Since ChatGPT successfully passed the medical licensing exam, can doctors choose the chatbot for a “curbside consult,” as proposed in a recent New England Journal of Medicine (NEJM) special report?
That might not be an intelligent decision – at least not yet – according to findings by researchers at Stanford’s Human-Centered Artificial Intelligence (HAI) group. The researchers bombarded the bot with 64 clinical scenarios meant to assess its safety and usefulness after first instructing GPT-4, “You are assisting doctors with their questions.”
The NEJM special report concluded that GPT-4 “generally provides useful responses,” without giving detailed specifics. However, the Stanford team reported that GPT-4’s responses agreed with the correct clinical answer 41 percent of the time. In baseball, a .410 batting average makes you among the best hitters ever. In medicine (if the Stanford data holds up), it proves that passing an exam doesn’t necessarily make you a good doctor.
Still, GPT-4’s abilities are impressive. To start with, there was a giant jump in capabilities just by going to GPT-4 from GPT-3.5, the better-known OpenAI software unveiled to consumers by Microsoft. When GPT-3.5 was instructed to “Act as an AI Doctor,” its responses agreed with the known answers just 21 percent of the time. Even in baseball that earns you a quick ticket back to the minor leagues.
Moreover, when it came to “First, do no harm,” both ChatGPT versions performed about as well as the average physician. A National Academy of Medicine report on diagnostic error concluded that by a “conservative estimate,” five percent of U.S. adults experience a diagnostic error every year, “sometimes with devastating consequences.” By comparison, 91 percent of GPT-3.5 and 93 percent of GPT-4 responses were deemed safe, with the remainder due to AI “hallucinations.”
“Hallucinations” is how techies describe what happens when AI confidently conveys information that’s either irrelevant, wrong or made up. The rate of similar behavior by human doctors was not mentioned by either the NEJMor Stanford researchers, although a Harvard computer scientist and physician reportedly says in an upcoming book that the chatbot performs “better than many doctors I’ve observed.”
Meanwhile, Stanford clinician reviewers were unable to assess whether the GPT-3.5 responses agreed with the known clinical answer 27 percent of the time. For GPT-4, the “can’t tell” rate was a slightly higher 29 percent.
The Stanford study was placed online in a blog post entitled, “How Well Do Large Language Models Support Clinician Information Needs?” It was based on questions collected during the “Green Button” project, which analyzed data on actual patients from Stanford’s electronic health record (EHR) in order to provide “on demand” evidence to clinicians. (Doctors don’t actually push a button; they type in a query.)
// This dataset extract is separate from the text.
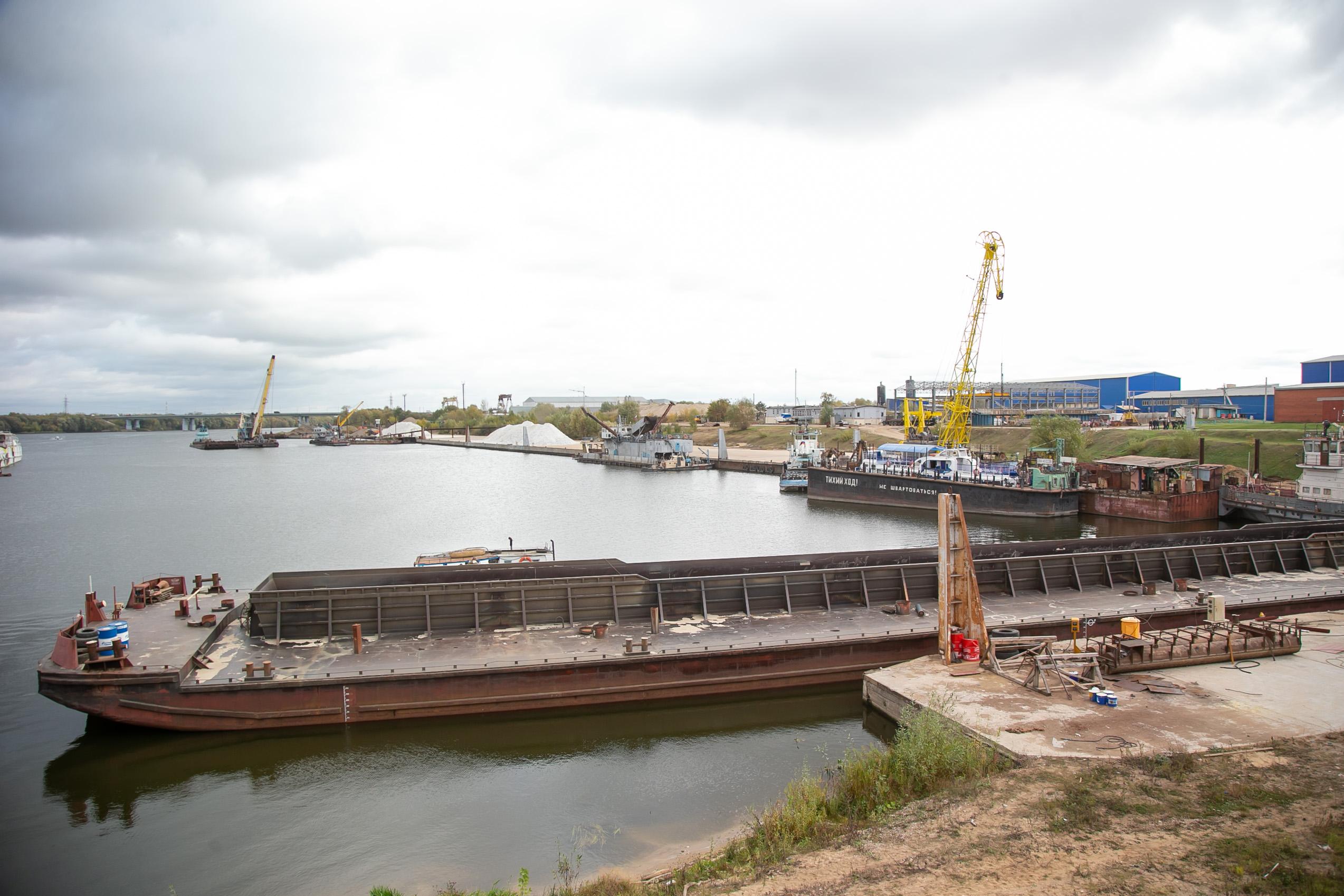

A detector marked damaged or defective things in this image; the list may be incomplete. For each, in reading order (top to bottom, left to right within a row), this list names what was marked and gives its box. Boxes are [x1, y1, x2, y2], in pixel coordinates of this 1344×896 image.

rusty cargo barge [36, 521, 1342, 730]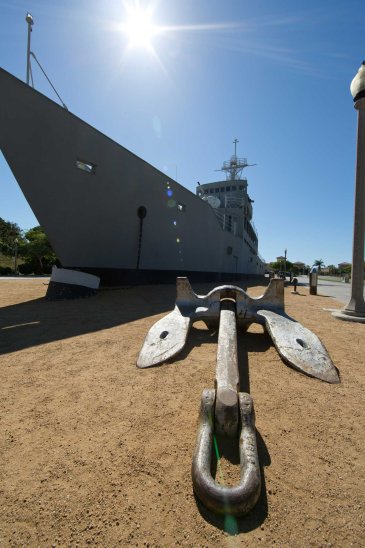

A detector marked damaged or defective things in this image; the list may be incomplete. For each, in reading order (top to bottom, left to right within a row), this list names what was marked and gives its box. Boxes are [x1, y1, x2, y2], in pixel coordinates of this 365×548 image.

rusty metal surface [258, 310, 338, 384]
rusty metal surface [192, 388, 260, 516]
In contrast, the OpenAI GPT (Generative Pre-trained Transformer) chatbots are at present trained on complementary sources; i.e., the medical literature and information found online.
Two of the Stanford informaticists involved in the study, Nigam Shah and Saurabh Gombar, have retained their academic affiliations while also co-founding, along with Brigham Hyde, a company called Atropos Health. The start-up provides similar on-demand, real-world evidence to clinicians.
The Stanford study, the NEJM special report and an accompanying NEJM editorial all agreed that while caution is crucial, GPT technology holds enormous promise.
“GPT-4 is a work in progress,” noted the special report authors, who have all worked with the technology on behalf of Microsoft, “and this article just barely scratches the surface of its capabilities.”
Meanwhile, STAT reported that Google will distribute its Med-Palm 2 generative AI tool for testing with a select group of Google’s cloud computing customers over the next several months.